After more than twenty years helping organisations understand how people behave, I’ve become convinced of something simple. In the AI adoption race, the businesses that thrive won’t be the ones with the cleverest technology. They’ll be the ones that don’t forget there’s a person on the other side of the screen/phone/app. And the good news, particularly if you’ve spent a career working with people, is that this plays entirely to your unique strengths.
We’re wired for human connection
Think about a moment when someone made you feel truly looked after. You’ve probably forgotten the exact words they said, but you remember how it felt. That’s not sentiment, it’s how we’re built. We store emotion far more reliably than detail.
Behavioural science keeps landing on the same truth: trust, empathy and a sense of belonging are the foundations of every strong relationship, whether that’s with a brand, a colleague or a friend. As more of daily life gets automated, the moments that carry genuine warmth stand out more, not less. Scarcity does funny things to value. When human attention becomes rarer, it becomes more precious.
What AI Can Do, and What It Can’t
I want to be clear, for the avoidance of doubt I’m not a luddite, I’m optimistic about technology. Used well, it’s brilliant. AI can take away friction, answer a simple question at two in the morning, remember your preferences and handle the repetitive work that wears people down. That frees us up for the things that matter.
But there’s a line it struggles to cross. Yes, AI can recognise the words you’re using, but it can’t truly feel the emotion behind them. Yes, it can follow a script, but it can’t read the pause, the tone, the thing you’re not quite saying. So, when someone is stressed, upset or facing a genuine problem, they don’t want a faster system. They want a human who listens, empathises and cares. That’s the bit no algorithm has cracked, and I suspect it won’t for a long time (if ever).
Great experiences start long before someone becomes a customer
I believe that the principles that make businesses better with customers are the same ones that make us better with each other. It’s just extending our interpersonal social relationships to a business context.
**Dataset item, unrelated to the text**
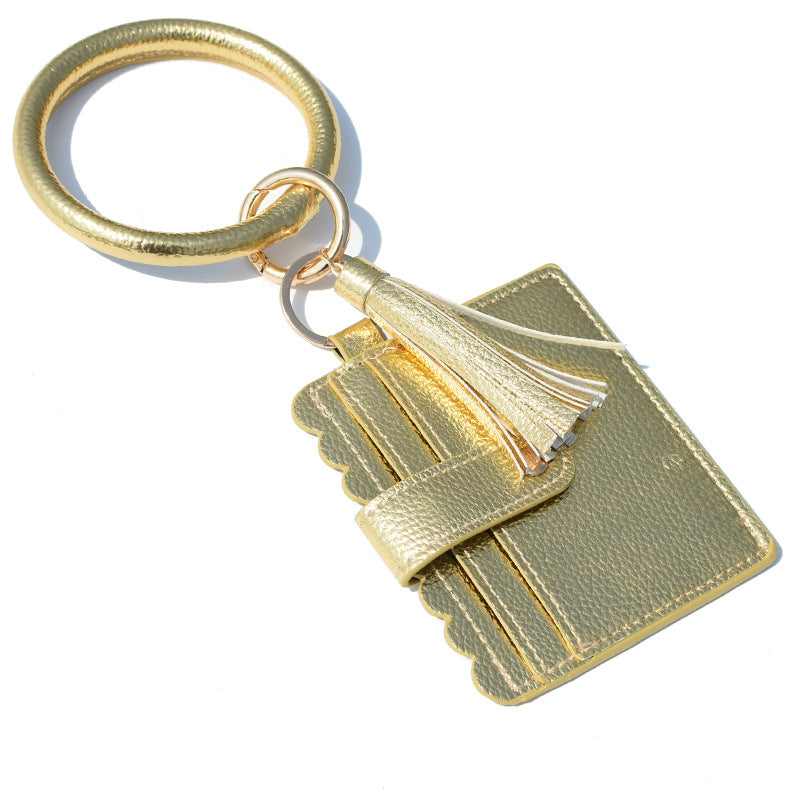 Wholesale Fashion Leopard Print PU Leather Tassel Coin Purse Keychain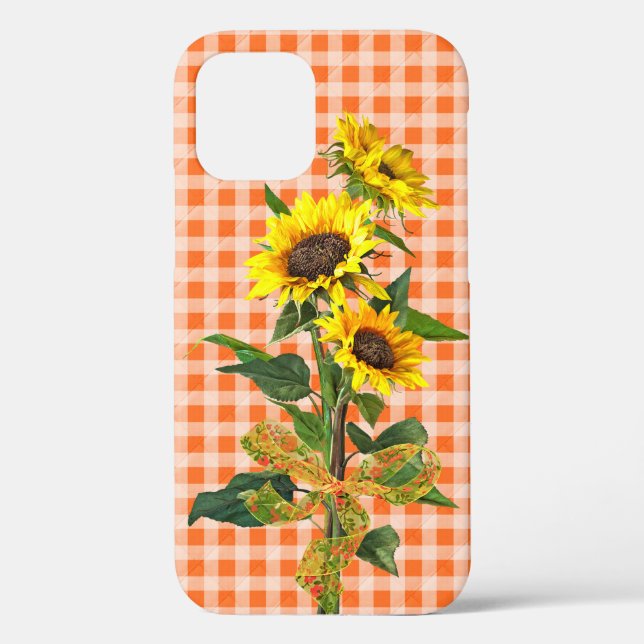 Sunflower Bouquet on Orange Gingham Case-Mate iPho Case-Mate iPhone Case (Back)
Listen properly, and people feel understood. Set an expectation and then beat it, and you build trust. Notice how someone likes to be treated rather than assuming, and you show respect. None of this is complicated, and none of it is reserved for boardrooms. It works with a client, a team member, a neighbour or your own family just as well.
If I had to offer one everyday principle, it would be this: reduce the effort and stress you put on the people around you. Make things easier for others, and they’ll remember you for it.
Why experience matters more than ever after 50
There’s a worry I hear from people who’ve been working for decades, that AI somehow makes their experience less relevant. Personally, I’d passionately argue the opposite is true.
The skills you’ve built over a career, reading a room, calming a difficult conversation, knowing when to push and when to hold back, are exactly the skills machines can’t replicate. That’s emotional intelligence, and it only deepens with time and experience. Younger colleagues can learn the tools in an afternoon. What they can’t shortcut is the judgement that comes from having sat across the table from thousands of people.
So, if the rise of AI feels in any way intimidating, I’d turn that on its head. Your experience isn’t being made obsolete, it’s becoming the rare and valuable thing.
The future belongs to organisations that feel human
The very best organisations understand one thing above all else. Behind every click, every purchase and every complaint is a person having a moment in their day. Get that right and everything else tends to follow. What gives me confidence about the future is that this need never goes away. Of course, technology changes constantly, but the human desire to feel heard and understood has been with us for thousands of years… and remains unchanged.
Technology will keep evolving, and rightly so. But whether we’re serving customers, leading teams or simply talking to one another, people still want to feel heard, respected and understood. That’s never mattered more than it does now, and it’s the one thing no algorithm can truly replace.
Si Elliott is the author of Customer Experience Thinking, a strategic marketing leader, award winning educator and customer experience expert with over 20 years of experience helping brands build deeper, more meaningful connections and relationships https://fabricx.agency/book/.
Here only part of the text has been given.